The local Democratic party must also reassert its commitment to labor and unions more broadly. As the child of two union members, I know first-hand about the role unions played in building Cuyahoga County’s middle class. As a historian, I also know that America’s middle class wouldn’t exist if it weren’t for unions. Which is why, if chosen as Chair, I will also appoint a Vice-Chair in charge of labor relations, so we more stridently stand with them in their efforts.  

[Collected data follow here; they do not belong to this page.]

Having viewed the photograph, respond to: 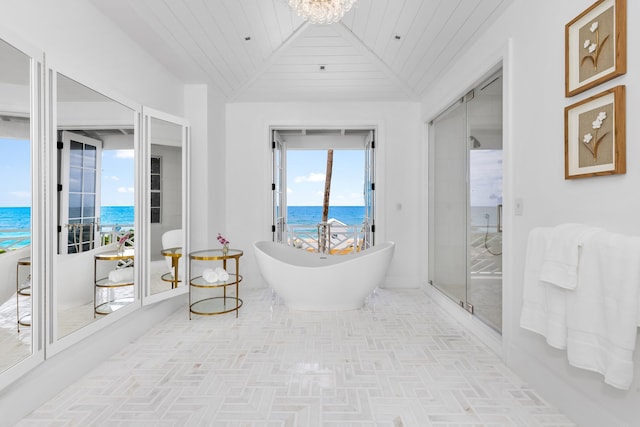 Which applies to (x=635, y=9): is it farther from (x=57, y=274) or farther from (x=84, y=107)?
(x=57, y=274)

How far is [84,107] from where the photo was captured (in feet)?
6.49

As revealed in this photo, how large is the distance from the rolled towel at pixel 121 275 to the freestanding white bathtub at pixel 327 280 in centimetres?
114

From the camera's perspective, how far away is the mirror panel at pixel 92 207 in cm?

  • Voter Contact: Target and create networks of volunteers and activists in the county that will work year-round, not just before elections.
  • Modernizing the Party: In addition to creating a strong door-to-door operation, the party must utilize cutting-edge political tools like deep canvassing, relational campaigning, a vigorous texting program for notifications and fundraising (one that doesn’t presently even exist), and create or obtain a voter data platform that is usable and available to Dem groups and leaders in the county.
  • Template Building & Sharing: Develop and share templates (flyers, emails, fundraising requests, etc.) with Democratic clubs, affinity groups, and others who want to increase engagement and turnout.
  • Vice-Chairs to Re-engage our Communities: Appoint Vice-Chairs with specific portfolios for fundraising, outreach, racial justice, labor, faith communities, etc. 
  • Increase Party Visibility: The party’s presence at events, rallies, etc. must be felt and there are many of volunteers who will proudly pick up our standard
  • A More Engaged Central Committee: The newly-elected members will be asked to make a greater commitment: writing postcards, canvassing, texting. attending meetings, etc.
  • Full-Time Chair: The stakes are simply too high for the Chairperson of the party to be focused on running for office or distracted by other professional commitments.
  • Fairness and Transparency: The party organization itself must operate in a manner that is inclusive, free from favoritism, and committed to welcoming new methods.

The party must continue to strive for the high ideals the Democratic party has symbolized for the past century: democracy, fairness, equality of opportunity, truth, and the rights of average Americans. This is going to take an effort and focus beyond what our elected representatives and the Central Committee have undertaken before, but one that will bear fruit. For far too long, Central Committee members and Democrats countywide have participated in and observed the election of party Chair, only to wash their hands and move on soon thereafter.

There are 1.2 million people in this county. Elected officials, and the party Chair for that matter, aren’t the only ones with good ideas. There are many people who never desire holding elected office with significant contributions to make to our body politic. We must find and listen to them.

This is some of what I’ll do as Chair of the Cuyahoga County Democratic Party.